→ The records

···

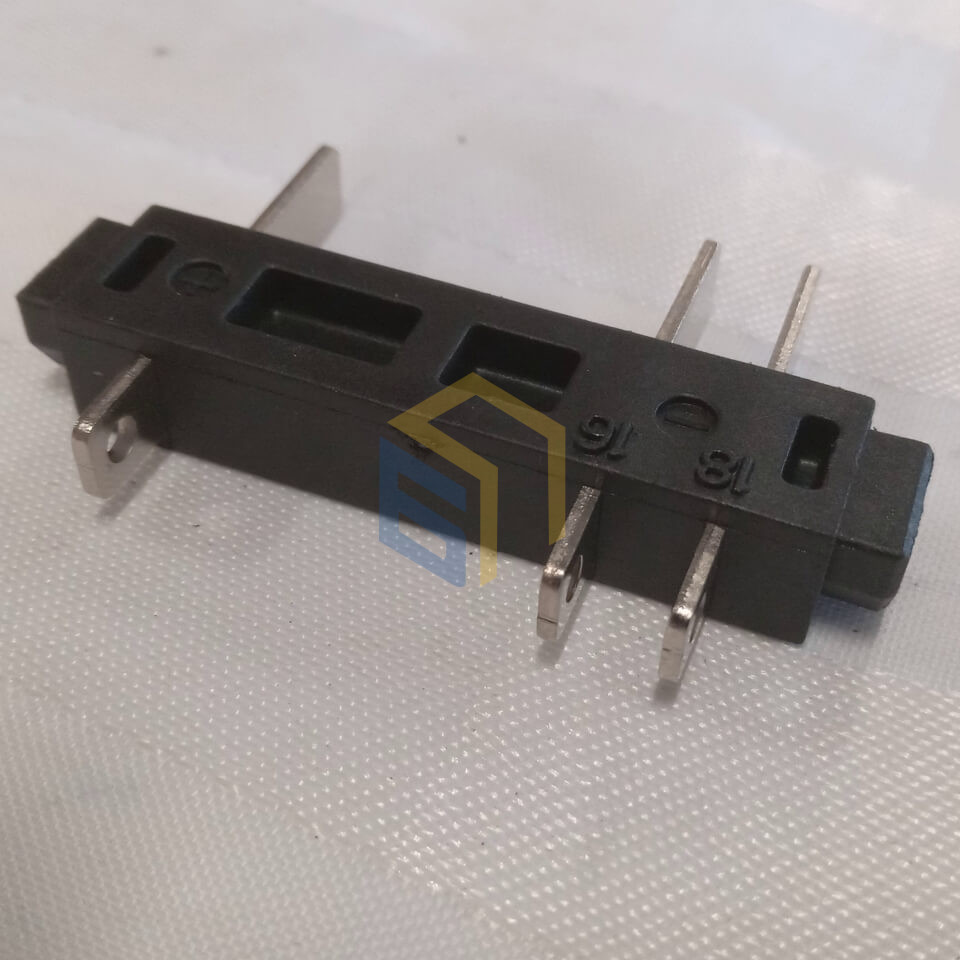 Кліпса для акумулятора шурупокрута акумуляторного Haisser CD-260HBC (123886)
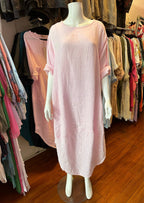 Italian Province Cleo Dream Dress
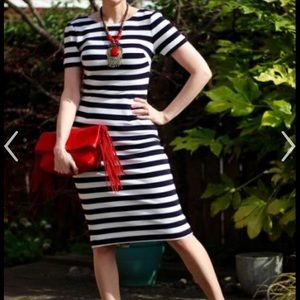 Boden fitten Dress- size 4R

···

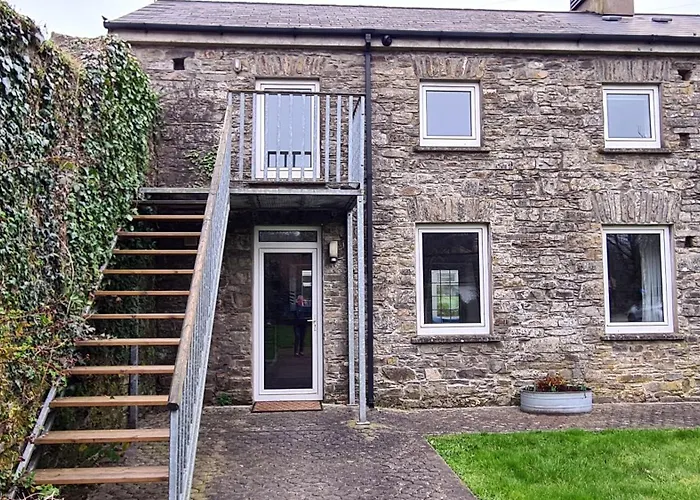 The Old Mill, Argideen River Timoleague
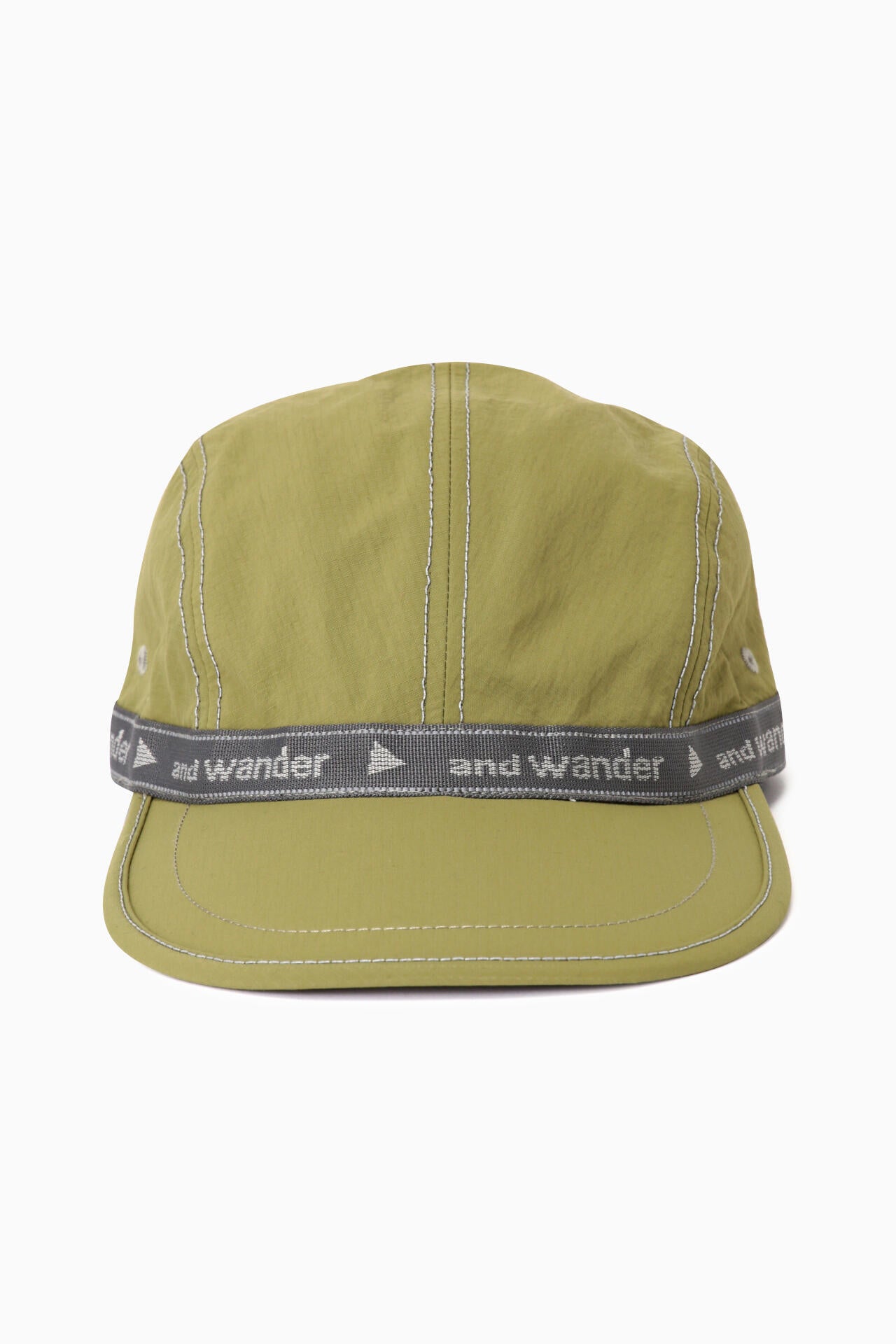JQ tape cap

···

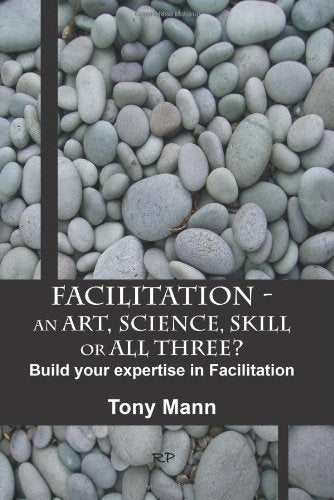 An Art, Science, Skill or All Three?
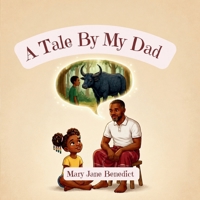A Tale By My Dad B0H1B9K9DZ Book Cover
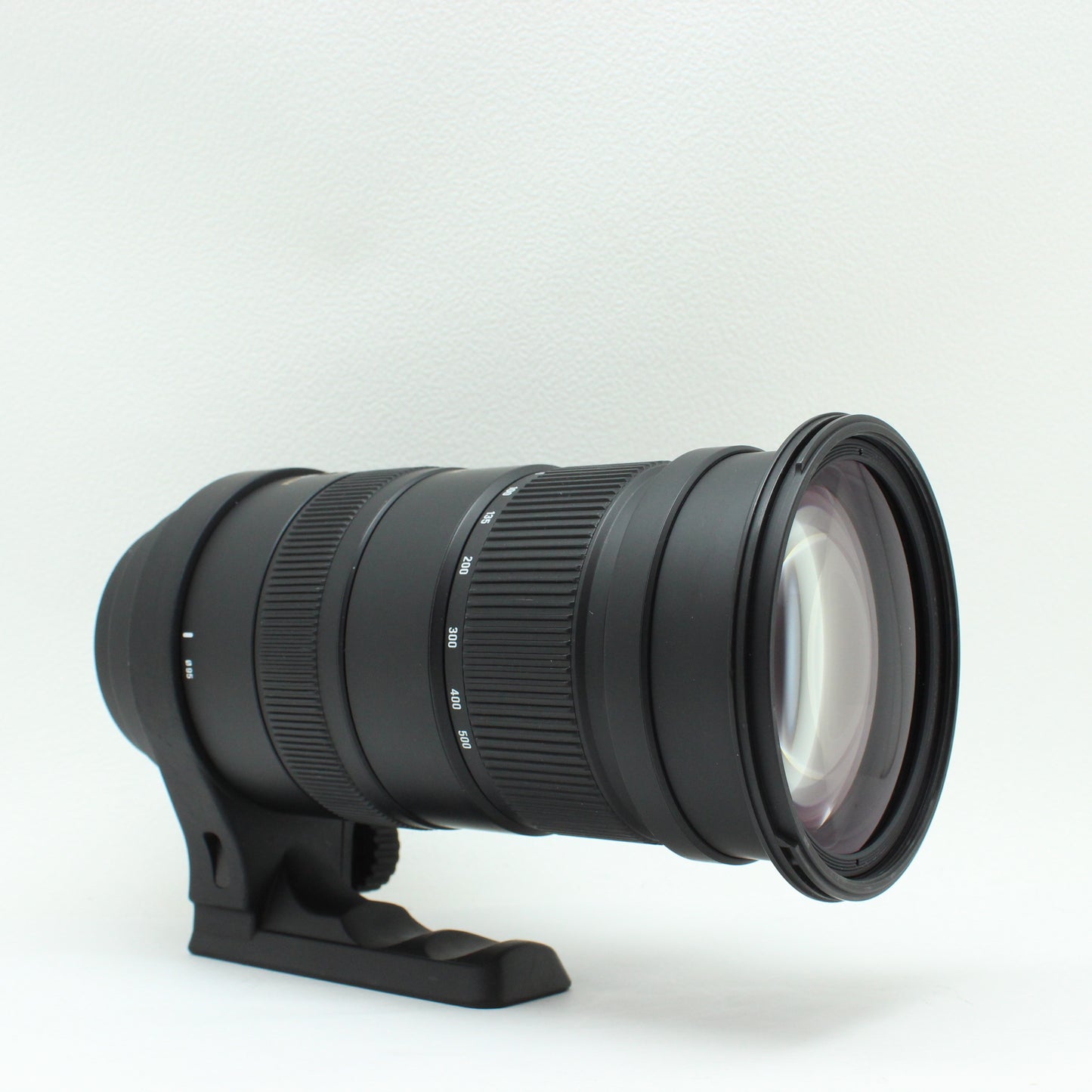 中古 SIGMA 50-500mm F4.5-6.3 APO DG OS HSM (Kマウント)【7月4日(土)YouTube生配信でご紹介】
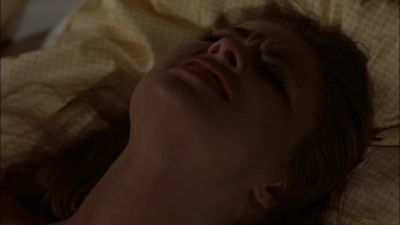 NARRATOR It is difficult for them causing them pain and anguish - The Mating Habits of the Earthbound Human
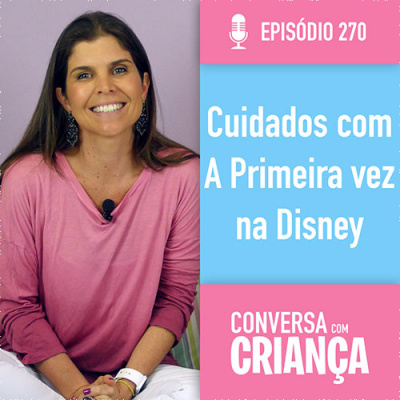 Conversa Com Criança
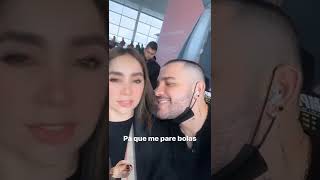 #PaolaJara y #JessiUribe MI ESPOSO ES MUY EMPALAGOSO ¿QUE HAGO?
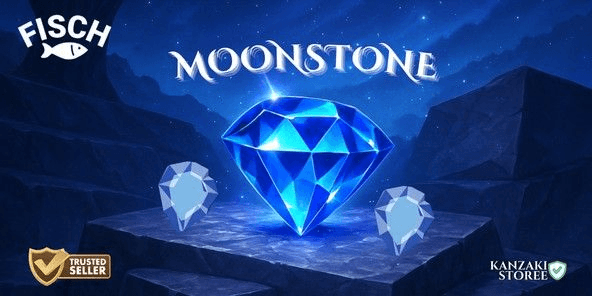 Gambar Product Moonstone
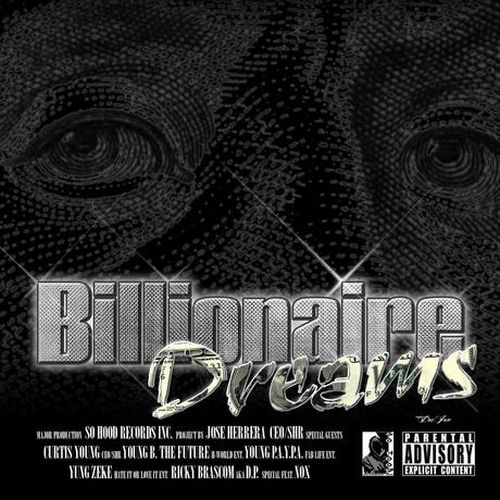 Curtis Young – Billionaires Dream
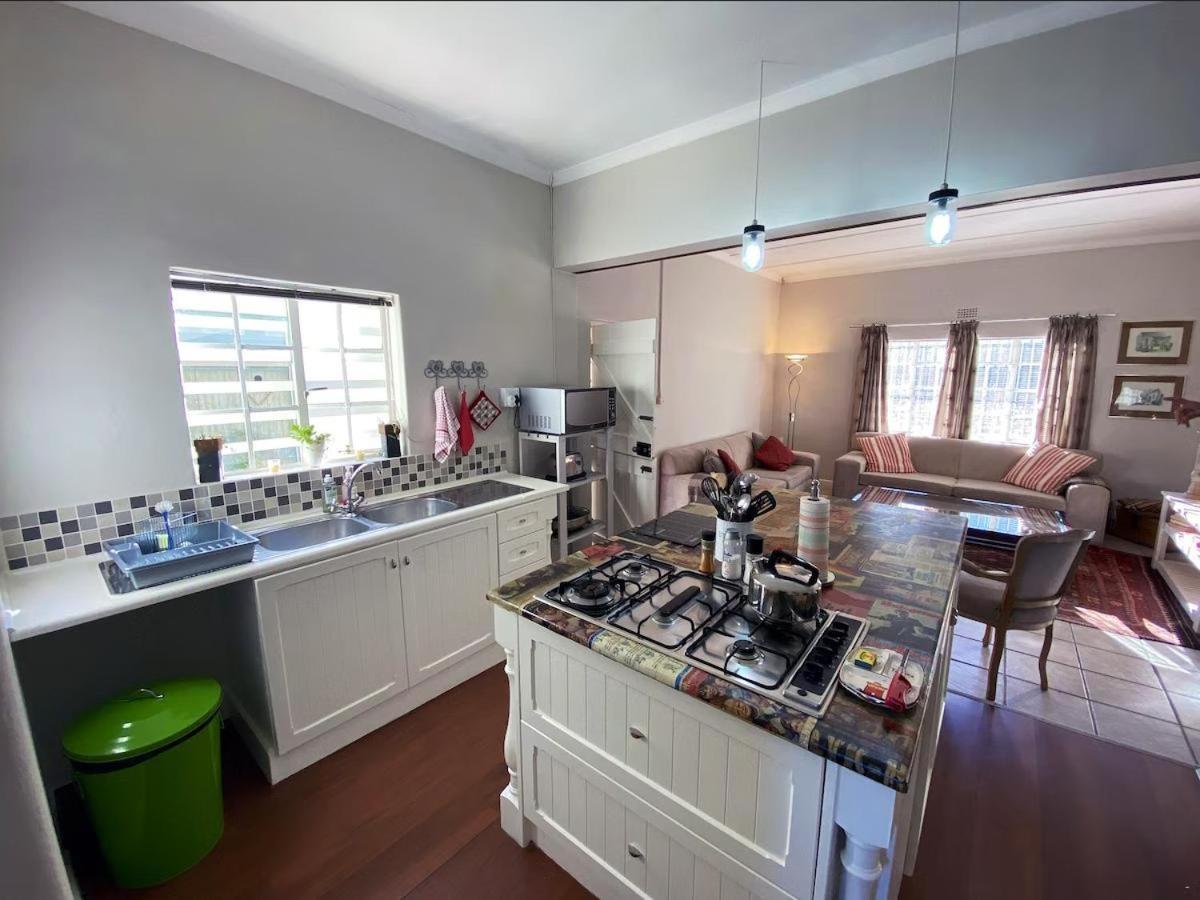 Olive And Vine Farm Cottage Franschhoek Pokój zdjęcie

···

→ Task to complete
With pictures omitted, repeat the entries above word for word from the line holding "#PaolaJara y #JessiUribe" down to the line holding "Olive And Vine", keeping both of those lines.

→ Task response
 #PaolaJara y #JessiUribe MI ESPOSO ES MUY EMPALAGOSO ¿QUE HAGO?
 Gambar Product Moonstone
 Curtis Young – Billionaires Dream
 Olive And Vine Farm Cottage Franschhoek Pokój zdjęcie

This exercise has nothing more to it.